____ Provided records
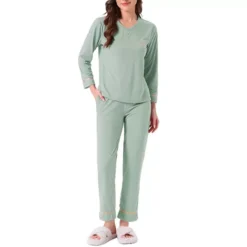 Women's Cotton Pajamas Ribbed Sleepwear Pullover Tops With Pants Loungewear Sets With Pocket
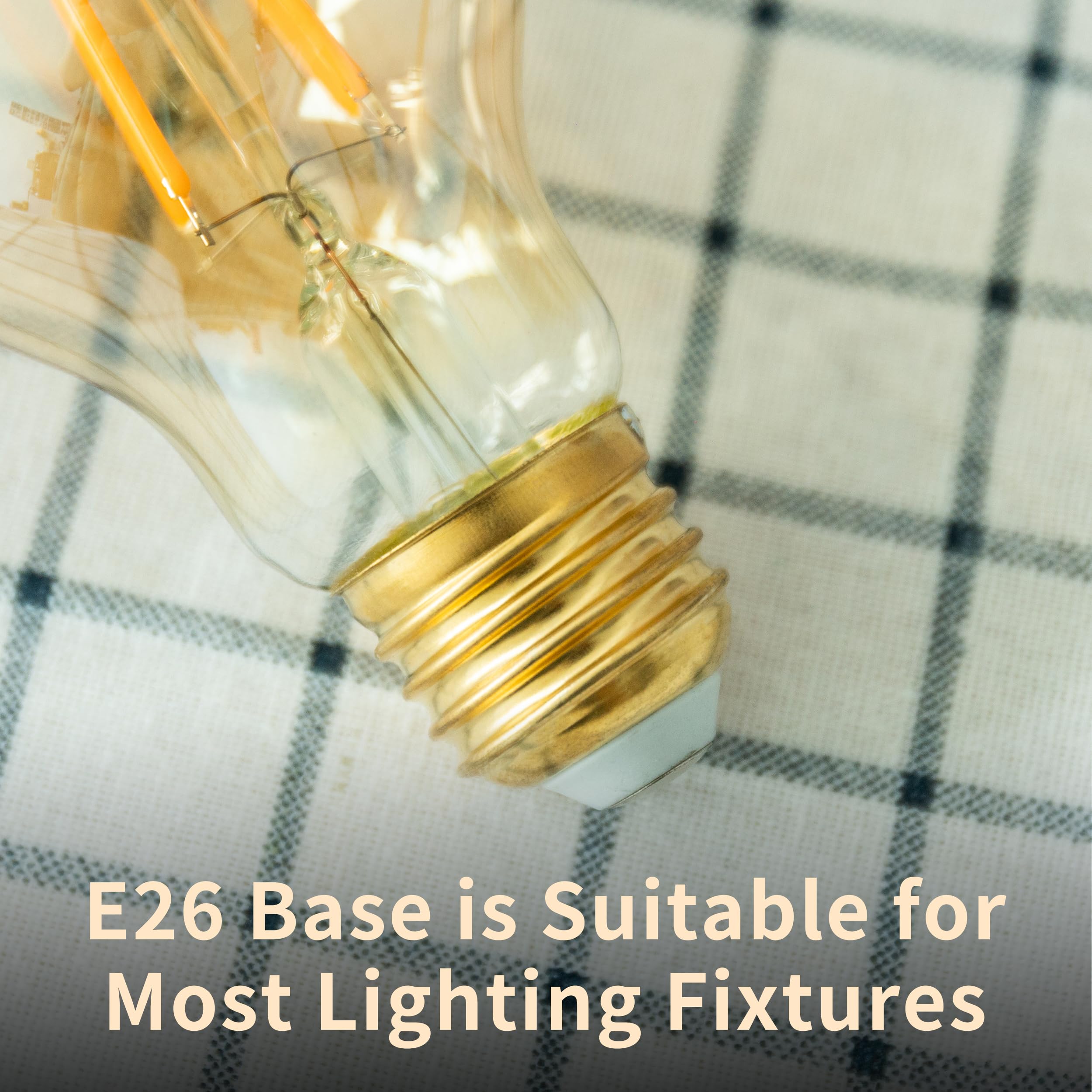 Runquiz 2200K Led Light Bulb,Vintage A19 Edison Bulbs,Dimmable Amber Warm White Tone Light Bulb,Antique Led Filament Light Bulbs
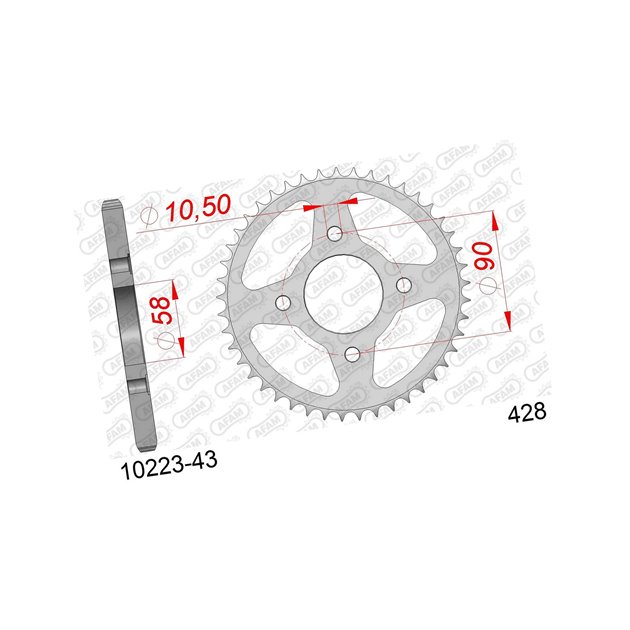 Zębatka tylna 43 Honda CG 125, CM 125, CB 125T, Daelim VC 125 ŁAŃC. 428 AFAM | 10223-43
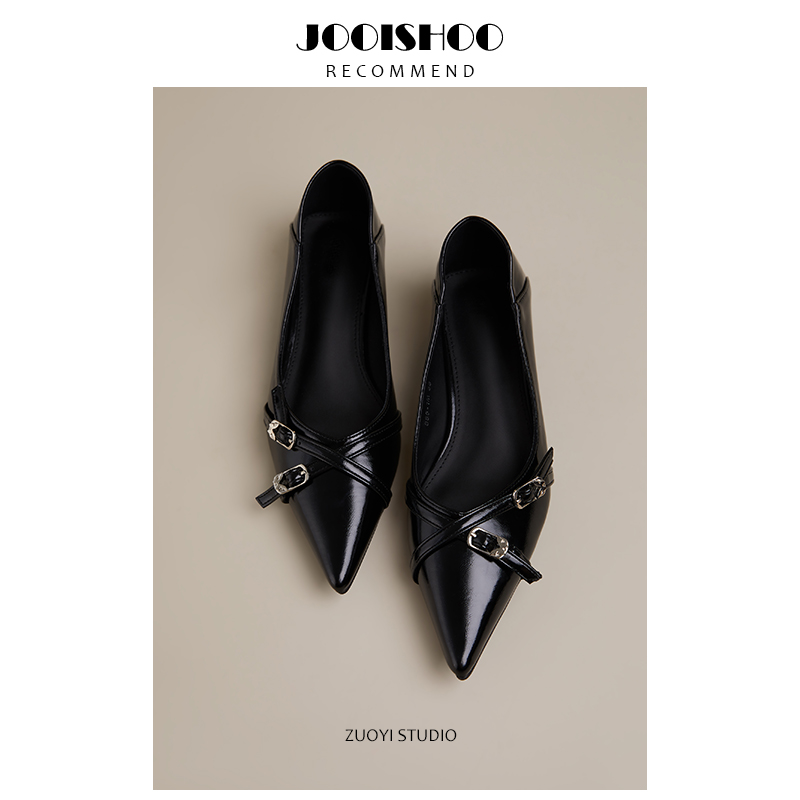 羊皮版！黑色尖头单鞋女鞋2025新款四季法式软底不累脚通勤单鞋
________
____ Provided records
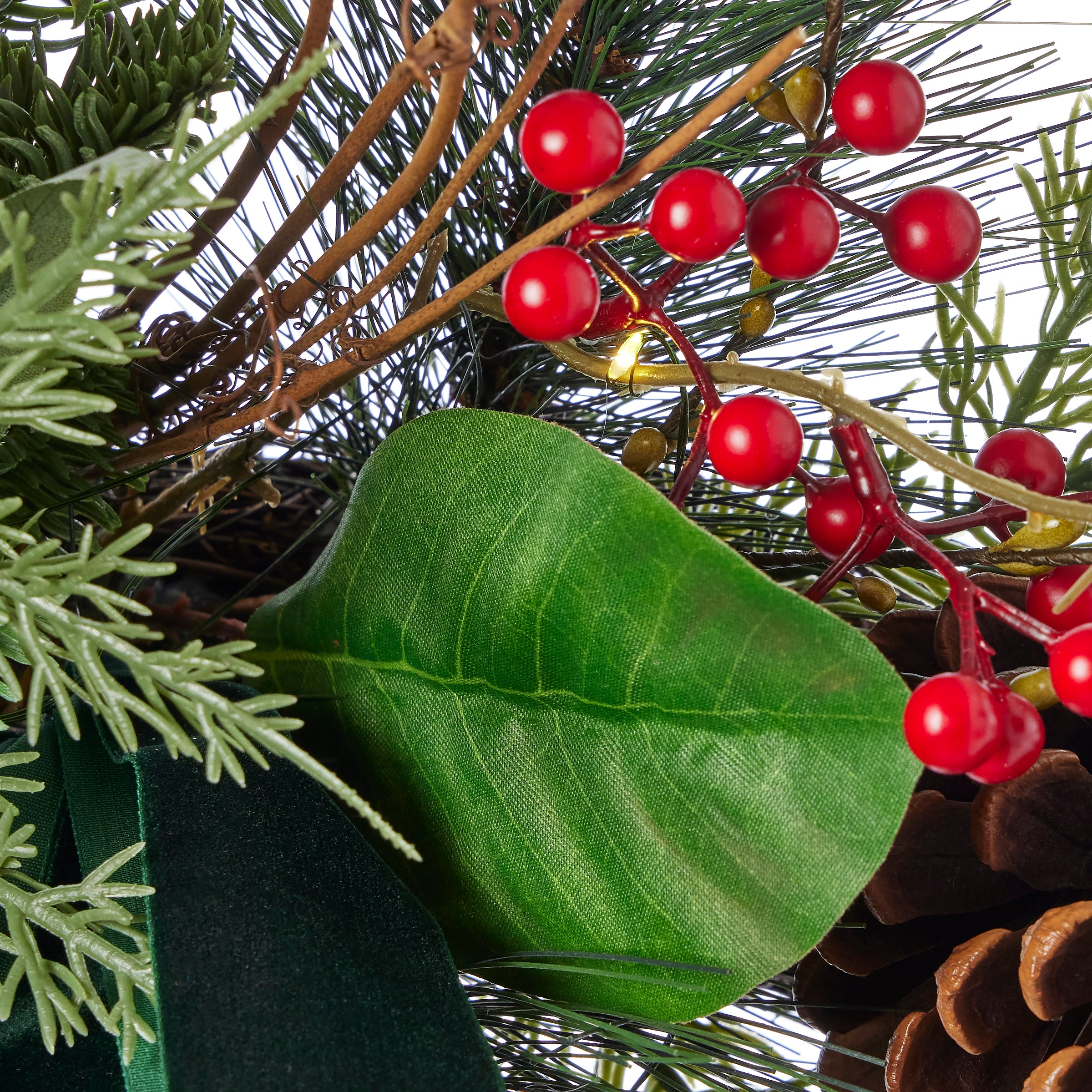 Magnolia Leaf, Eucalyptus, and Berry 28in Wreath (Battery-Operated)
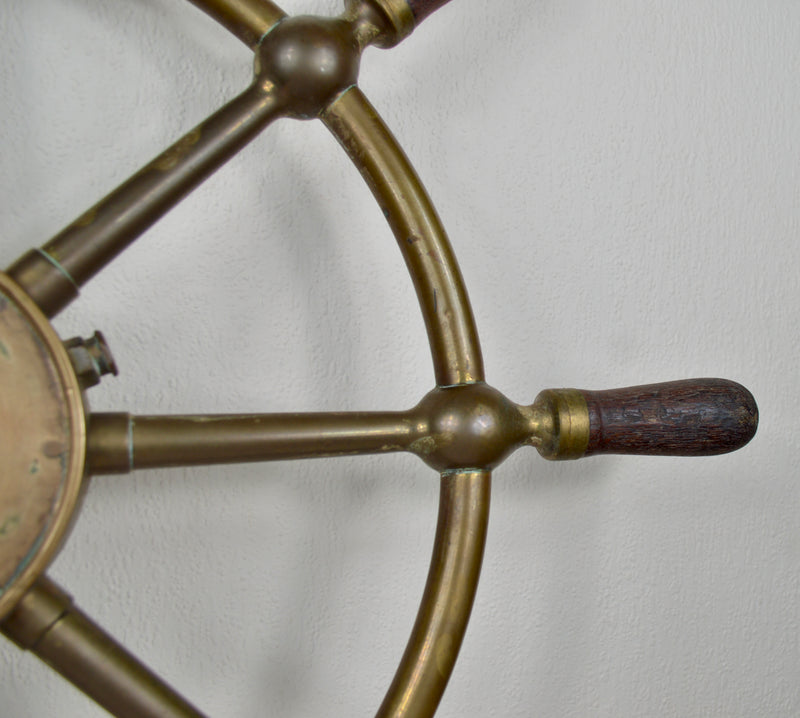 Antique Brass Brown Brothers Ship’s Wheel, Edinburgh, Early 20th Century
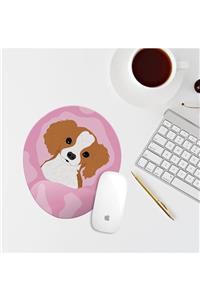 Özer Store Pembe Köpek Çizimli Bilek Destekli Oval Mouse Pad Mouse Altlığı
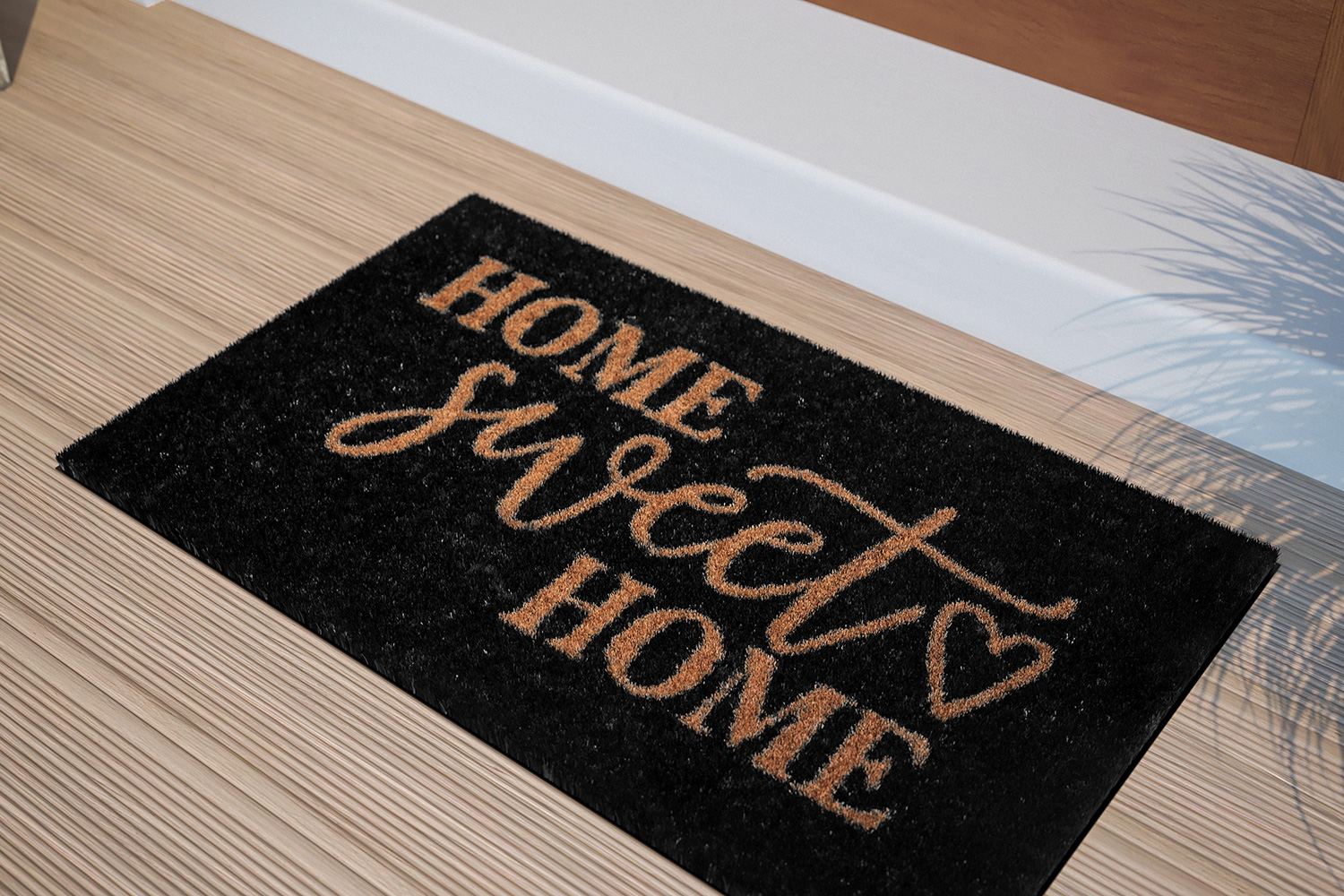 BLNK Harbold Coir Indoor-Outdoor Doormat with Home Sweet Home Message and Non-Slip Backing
________
____ Provided records
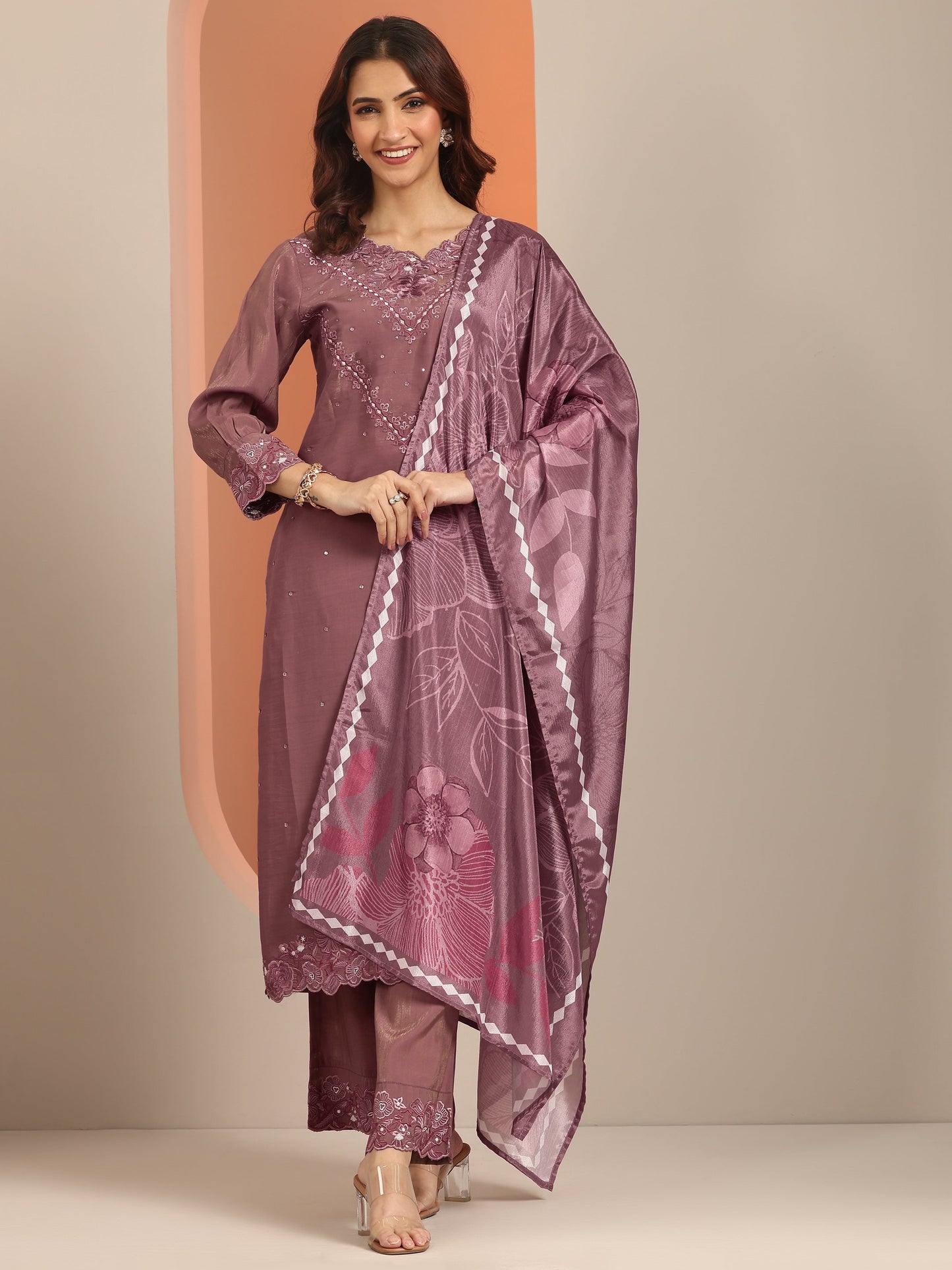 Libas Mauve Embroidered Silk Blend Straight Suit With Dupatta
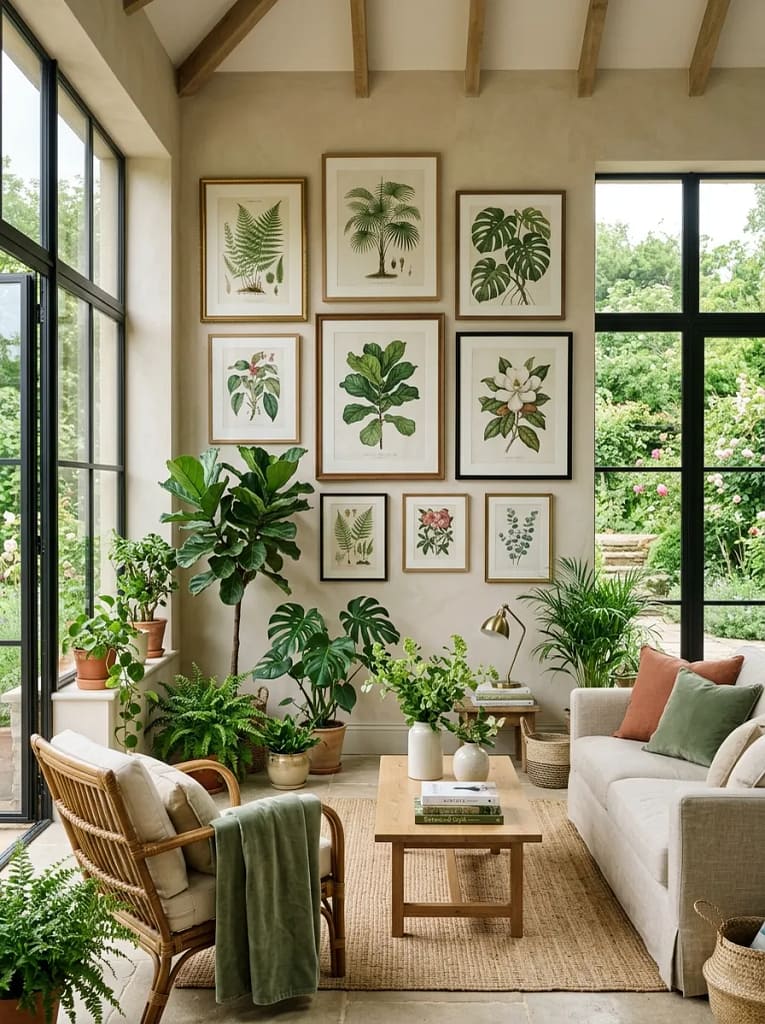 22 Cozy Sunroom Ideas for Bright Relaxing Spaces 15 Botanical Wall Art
________
(The problem)
Look above for the line containing "Libas Mauve Embroidered" and the line containing "22 Cozy Sunroom", then reproduce both and everything between them exactly, pictures omitted.

(Answer to this problem)
 Libas Mauve Embroidered Silk Blend Straight Suit With Dupatta
 22 Cozy Sunroom Ideas for Bright Relaxing Spaces 15 Botanical Wall Art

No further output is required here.